Some repair and VAT questions can arise on listed properties too. Those are matters for a qualified accountant rather than a mortgage adviser, so factor in that advice early if it looks relevant to your plans.
FAQs
Are all listed buildings harder to mortgage?
No. A well maintained Grade II home is considered by many mainstream and specialist lenders. It is Grade I, Grade II*, and listed homes with condition or consent problems that need a more specialist approach.
Can I get a high loan to value on a listed building?
Sometimes. On a strong Grade II case, higher loan to values are possible, while Grade I and Grade II* are often capped lower. Condition, location and the overall application all feed into the final figure.
What if previous owners did work without listed building consent?
The liability passes to you as the new owner, and there is no time limit on enforcement. A lender may want the work regularised, an indemnity policy, or a retention. It is usually resolvable, but deal with it early.
Do I need a special survey for a listed building?

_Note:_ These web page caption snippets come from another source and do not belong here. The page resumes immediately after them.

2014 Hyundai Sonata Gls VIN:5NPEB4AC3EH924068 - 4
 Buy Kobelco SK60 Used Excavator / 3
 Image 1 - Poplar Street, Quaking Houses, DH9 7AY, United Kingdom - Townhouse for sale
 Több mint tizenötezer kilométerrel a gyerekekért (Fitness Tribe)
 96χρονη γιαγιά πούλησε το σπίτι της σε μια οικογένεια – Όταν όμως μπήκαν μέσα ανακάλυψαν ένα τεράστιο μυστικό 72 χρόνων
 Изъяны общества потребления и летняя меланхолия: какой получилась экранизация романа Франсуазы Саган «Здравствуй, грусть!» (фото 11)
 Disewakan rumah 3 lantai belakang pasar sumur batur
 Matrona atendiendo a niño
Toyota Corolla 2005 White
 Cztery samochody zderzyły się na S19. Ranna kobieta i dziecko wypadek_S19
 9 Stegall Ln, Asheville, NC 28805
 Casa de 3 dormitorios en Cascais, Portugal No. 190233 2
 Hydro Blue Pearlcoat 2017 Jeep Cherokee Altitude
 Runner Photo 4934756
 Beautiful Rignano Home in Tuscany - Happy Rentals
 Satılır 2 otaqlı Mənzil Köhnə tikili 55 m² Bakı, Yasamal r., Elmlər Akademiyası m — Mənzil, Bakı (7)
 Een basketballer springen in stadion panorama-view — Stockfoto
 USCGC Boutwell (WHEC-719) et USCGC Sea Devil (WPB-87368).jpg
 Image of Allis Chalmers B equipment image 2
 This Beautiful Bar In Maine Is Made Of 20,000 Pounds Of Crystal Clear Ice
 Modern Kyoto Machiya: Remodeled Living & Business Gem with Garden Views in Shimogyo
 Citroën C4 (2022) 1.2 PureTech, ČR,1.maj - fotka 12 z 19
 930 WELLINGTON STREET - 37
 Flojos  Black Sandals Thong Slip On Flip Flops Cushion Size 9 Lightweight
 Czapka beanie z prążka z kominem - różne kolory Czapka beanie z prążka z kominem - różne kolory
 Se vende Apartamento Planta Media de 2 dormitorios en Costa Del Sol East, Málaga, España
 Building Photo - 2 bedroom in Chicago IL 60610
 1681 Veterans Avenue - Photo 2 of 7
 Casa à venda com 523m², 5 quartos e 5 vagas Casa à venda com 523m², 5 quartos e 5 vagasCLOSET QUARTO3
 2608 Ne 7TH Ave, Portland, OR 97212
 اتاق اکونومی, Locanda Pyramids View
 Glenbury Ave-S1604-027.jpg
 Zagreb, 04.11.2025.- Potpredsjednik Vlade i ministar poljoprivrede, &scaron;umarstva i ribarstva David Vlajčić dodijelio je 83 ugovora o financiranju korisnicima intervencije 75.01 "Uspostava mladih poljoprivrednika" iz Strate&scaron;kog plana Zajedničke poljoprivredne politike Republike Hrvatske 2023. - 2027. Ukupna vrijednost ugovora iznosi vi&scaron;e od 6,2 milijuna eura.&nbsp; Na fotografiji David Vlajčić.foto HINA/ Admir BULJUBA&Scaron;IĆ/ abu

A full building survey is strongly advised and some lenders will expect one. It checks the condition of older materials and structures and can flag alteration issues before they derail your purchase.
Is buildings insurance different for a listed home?
Yes. Rebuild costs are higher and you need an insurer comfortable with listed status, because any reinstatement must respect the listing. Lenders often ask to see suitable cover is in place.
Should I use a broker for a listed building mortgage?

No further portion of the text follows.